_TO DO_. From the records below, please print only the lines from the one containing "living room featuring" through the one containing "Close up of", both included. Skip the pictures.

[Entries taken from a collection]
_ _ _ _ _ _ _

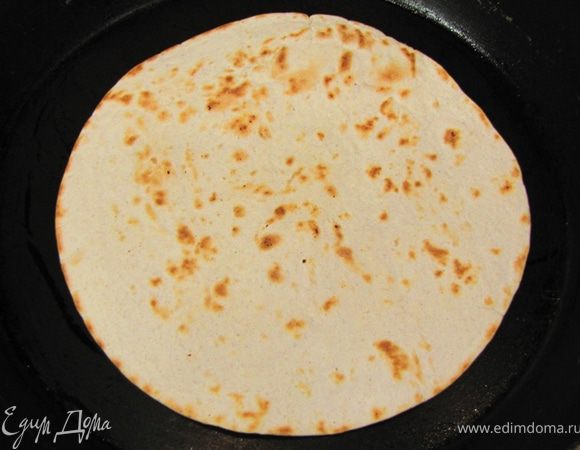 Разогрейте на сковороде без масла тортильи с двух сторон, чтобы они стали слегка золотистыми. Достаньте их из сковороды.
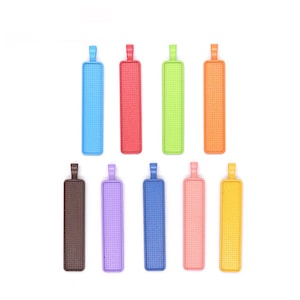 May include: Ten colourful rectangular metal pendant blanks with a textured surface. The blanks are in various colours including blue, red, green, orange, brown, purple, pink, yellow, and light blue.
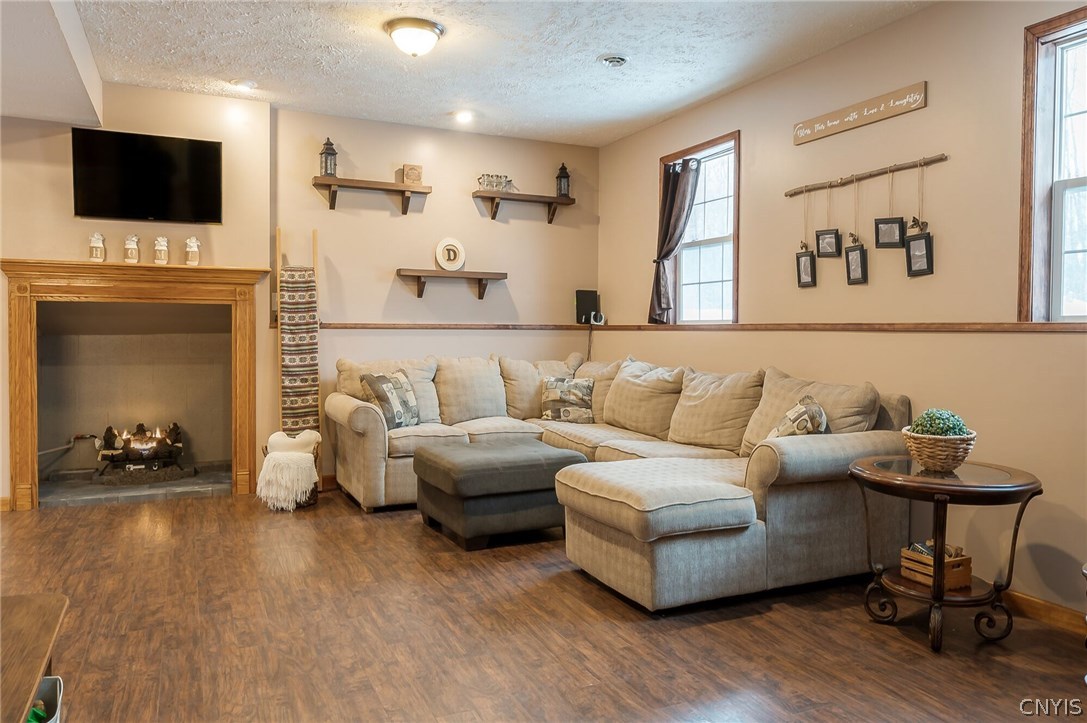 291 Dutch Hill Road Parish, NY 13167 - Photo 23 of 34 Lots of space and natural light with cozy gas fire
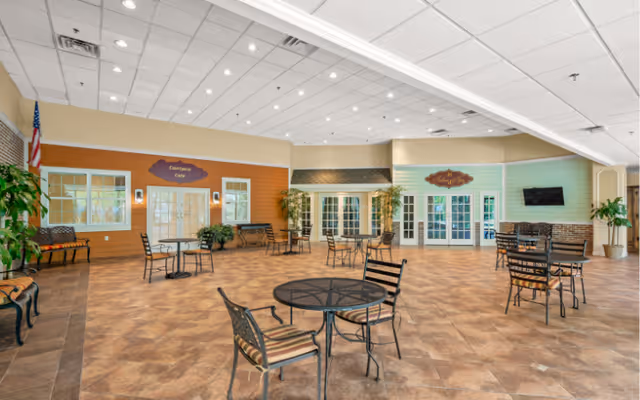Spacious indoor dining area with multiple round tables and chairs arranged on a tiled floor. The walls are painted in warm tones with signs indicating 'Everyday Cafe' and 'Market'. There are large windows and glass doors, potted plants, and an American flag in the corner. The ceiling has recessed lighting and a grid pattern.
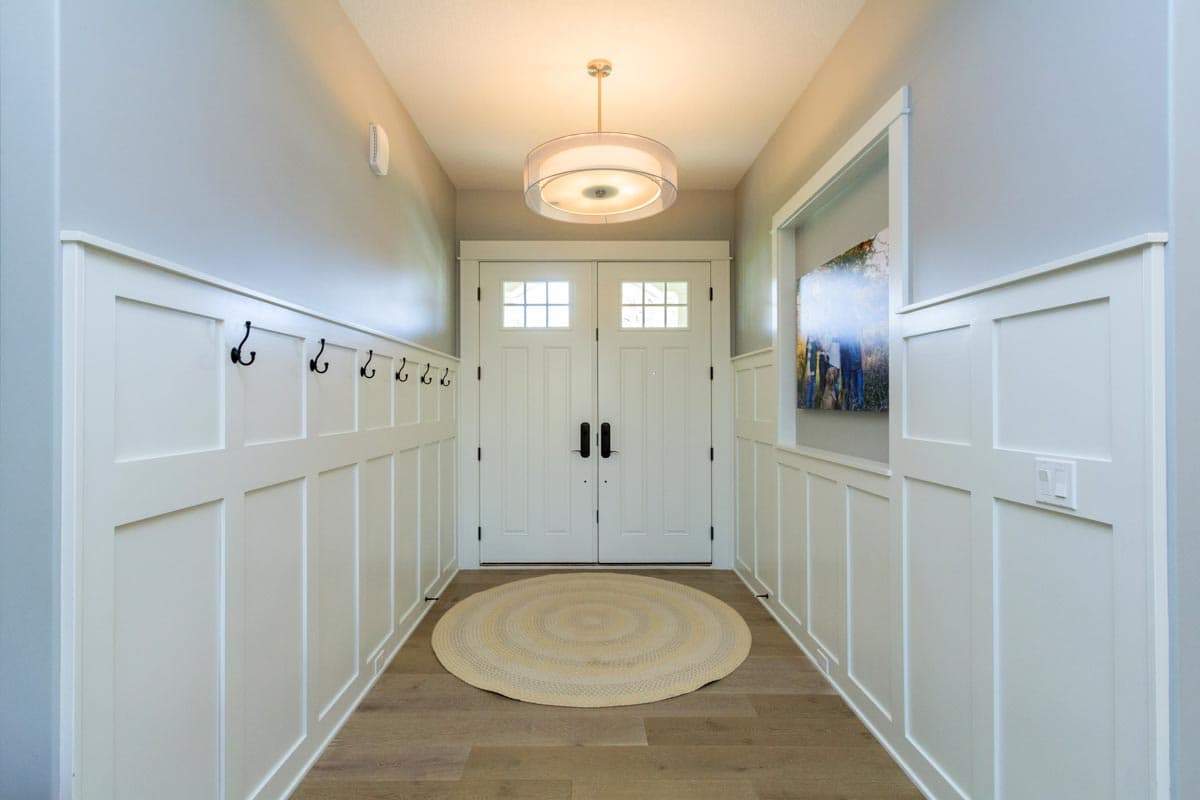 Interior view of a foyer with paneled walls, coat hooks, double doors with glass panes, and a circular rug.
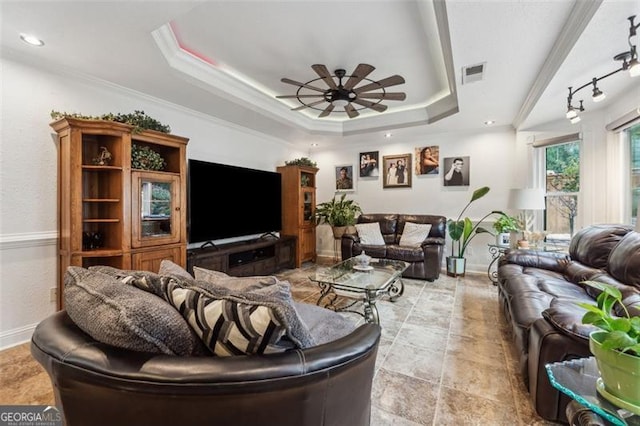 living room featuring a tray ceiling, ceiling fan, and ornamental molding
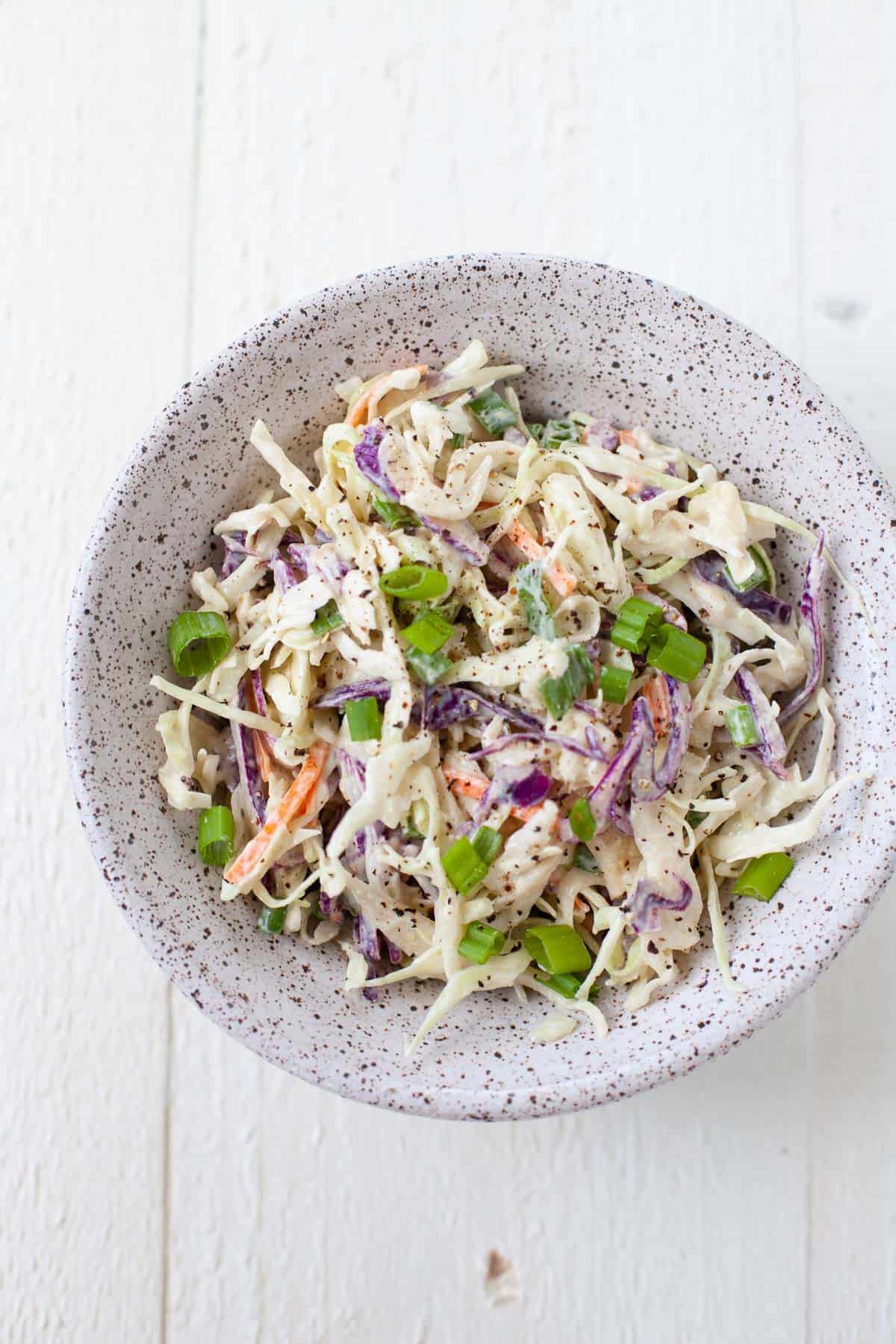bowl of homemade coleslaw with scallions for garnish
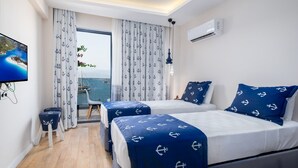 A hotel room with two beds, a TV, a balcony with a view of the sea, and an air conditioning unit. - Ece Marina Suites (Fethiye)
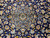 Central floral medallion of this vintage 1980s Persian rug, ivory and gold vines on navy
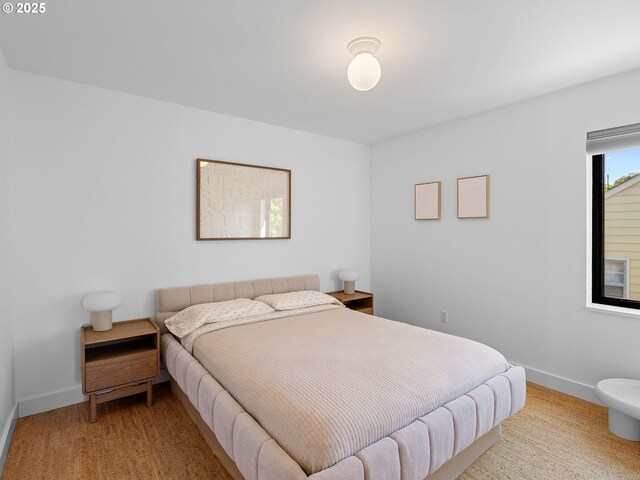 bedroom with baseboards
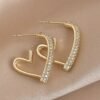 Boucles d'oreilles créoles à petits cœurs irrégulier incrusté de strass Plaqué or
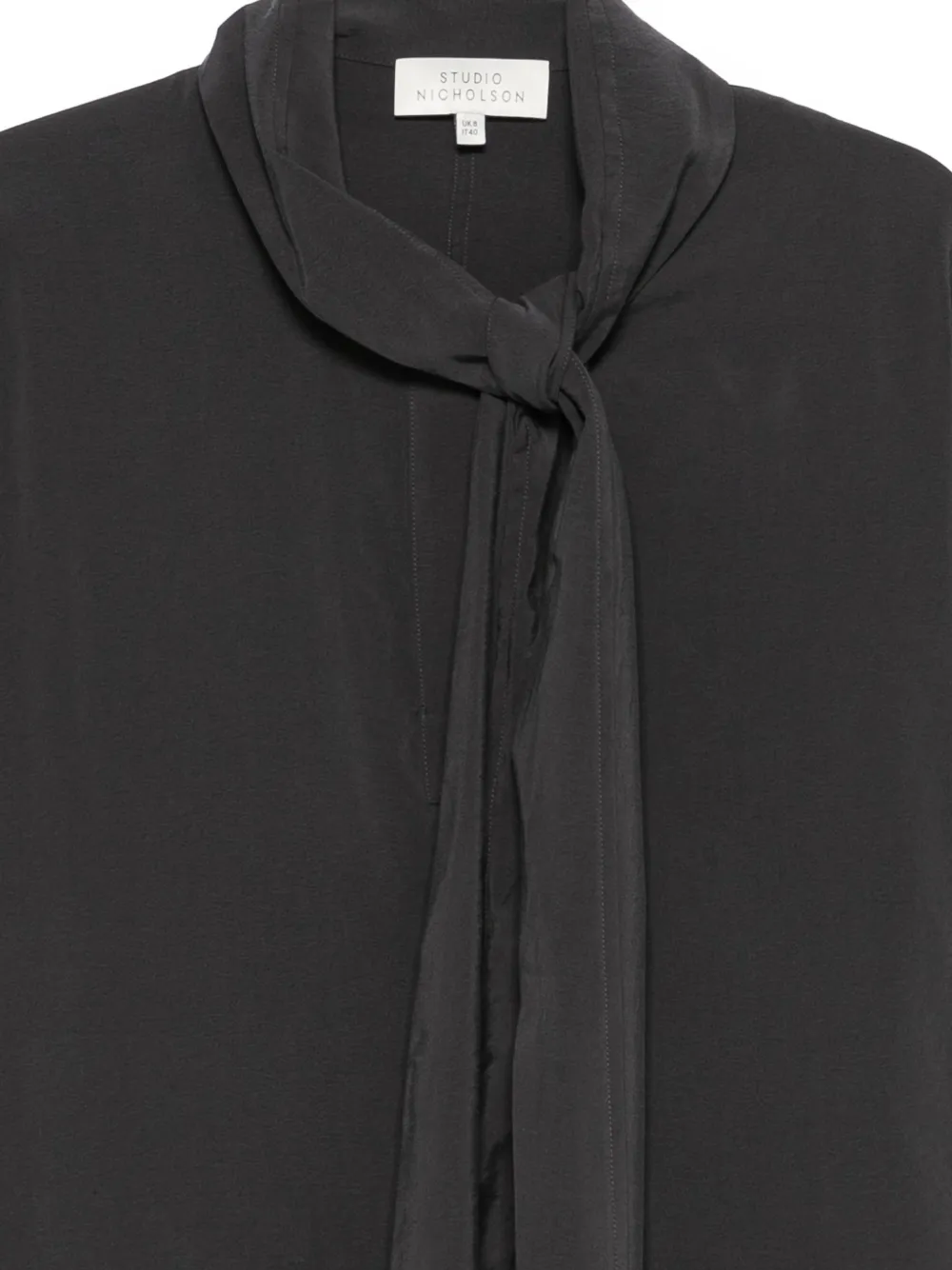 Close up of balck shirt, showing the detail of tie collar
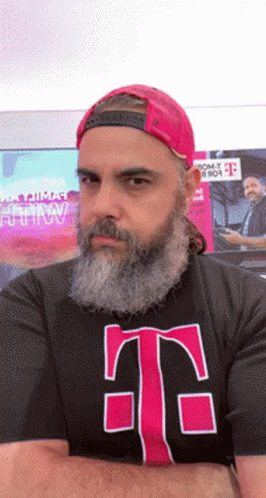 A Man With A Beard Is Wearing A T-Mobile T-Shirt GIF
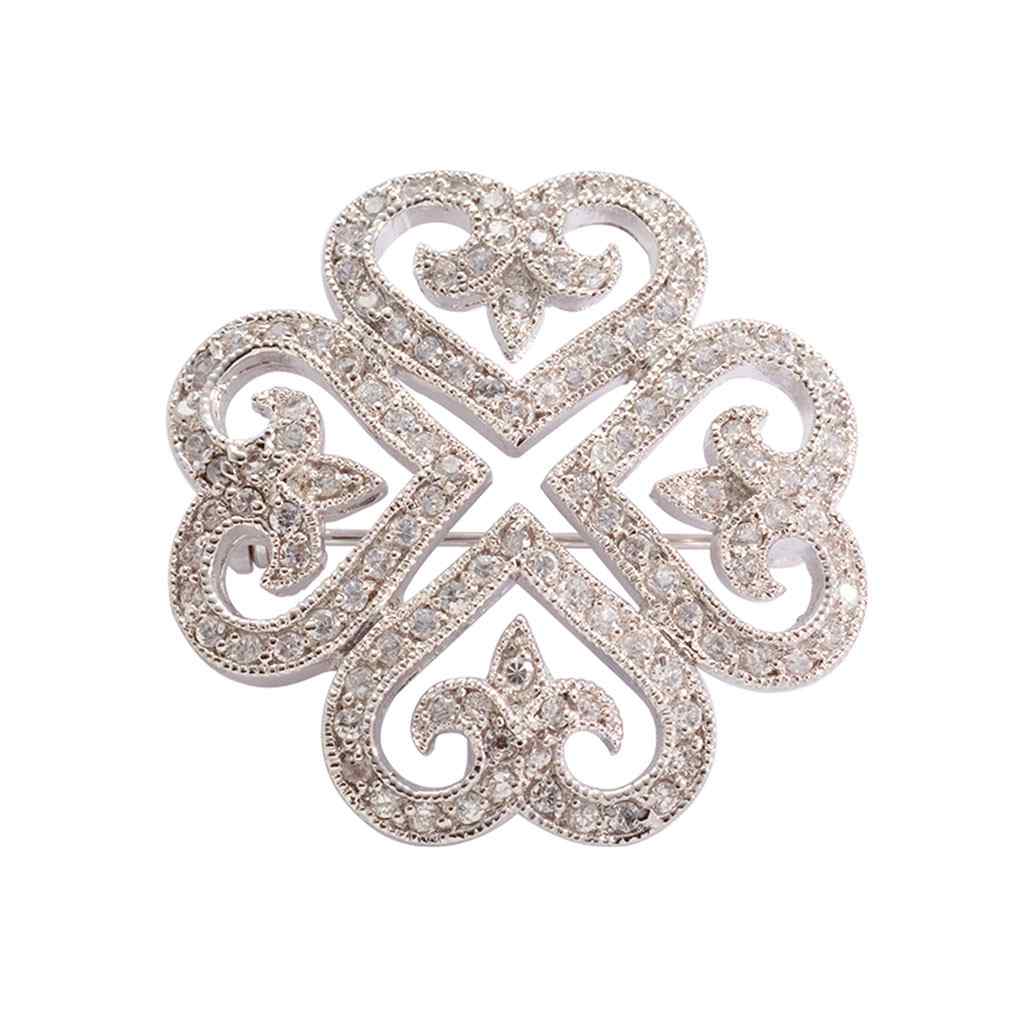 A clover pin with simulated diamonds displayed on a neutral white background.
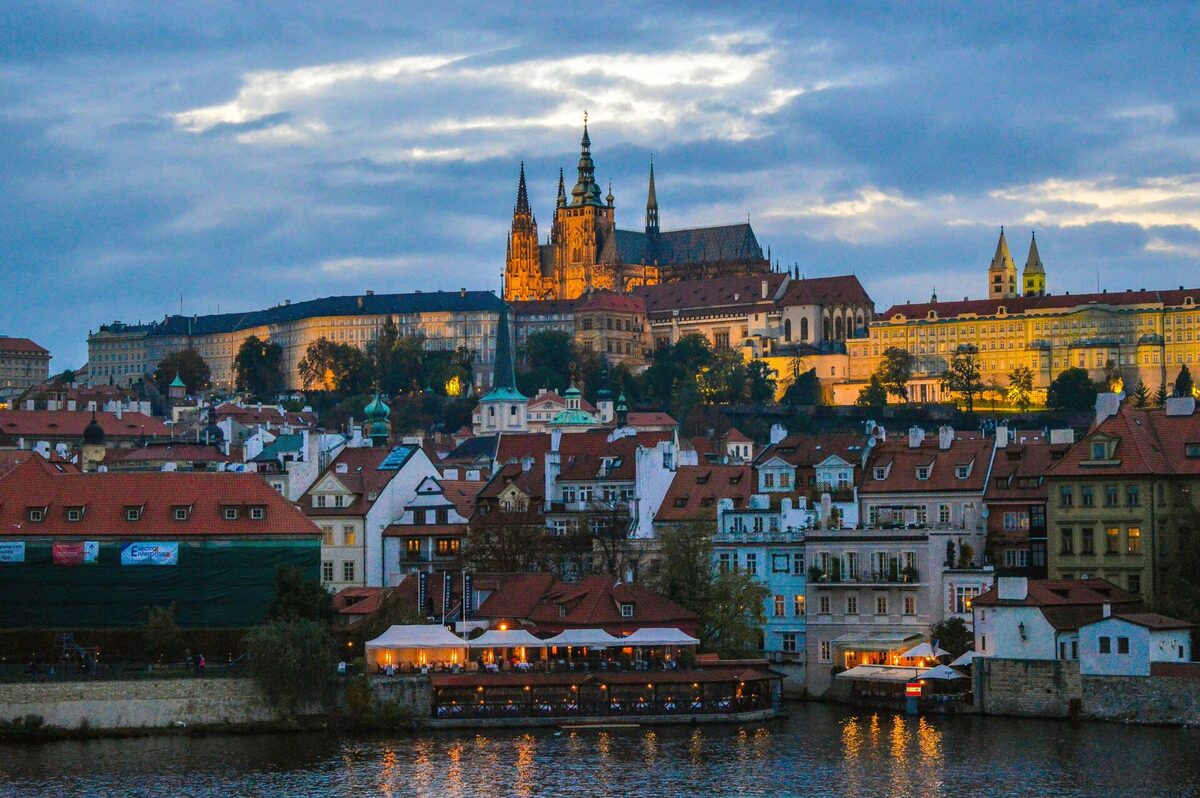 Prague Castle and the Malá Strana rooftops above the Vltava at dusk
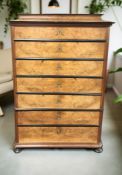 A 19th century continental walnut and ebonised seven drawer chest, 100 cm x 50 cm x 159 cm.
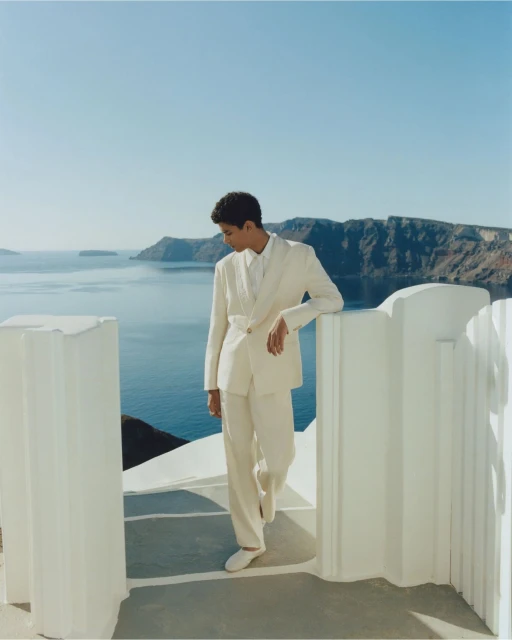 Person in an off-white suit leans against a wall overlooking a blue ocean with a mountainous coastline under a clear sky on a sunny day.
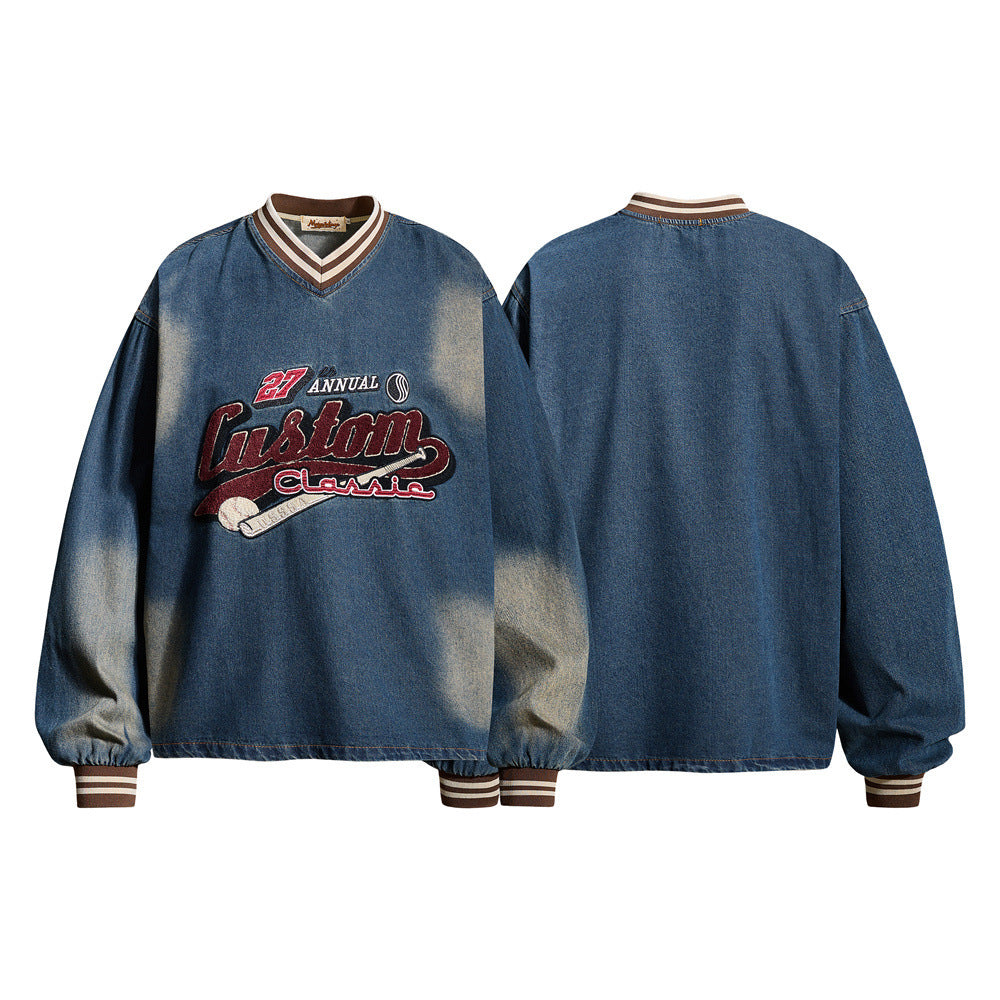 Oversized vintage washed denim V-neck sweatshirt with chenille baseball embroidery graphic and striped ribbed cuffs, front an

_ _ _ _ _ _ _

_PROBLEM SOLUTION_.
 living room featuring a tray ceiling, ceiling fan, and ornamental molding
bowl of homemade coleslaw with scallions for garnish
 A hotel room with two beds, a TV, a balcony with a view of the sea, and an air conditioning unit. - Ece Marina Suites (Fethiye)
 Central floral medallion of this vintage 1980s Persian rug, ivory and gold vines on navy
 bedroom with baseboards
 Boucles d'oreilles créoles à petits cœurs irrégulier incrusté de strass Plaqué or
 Close up of balck shirt, showing the detail of tie collar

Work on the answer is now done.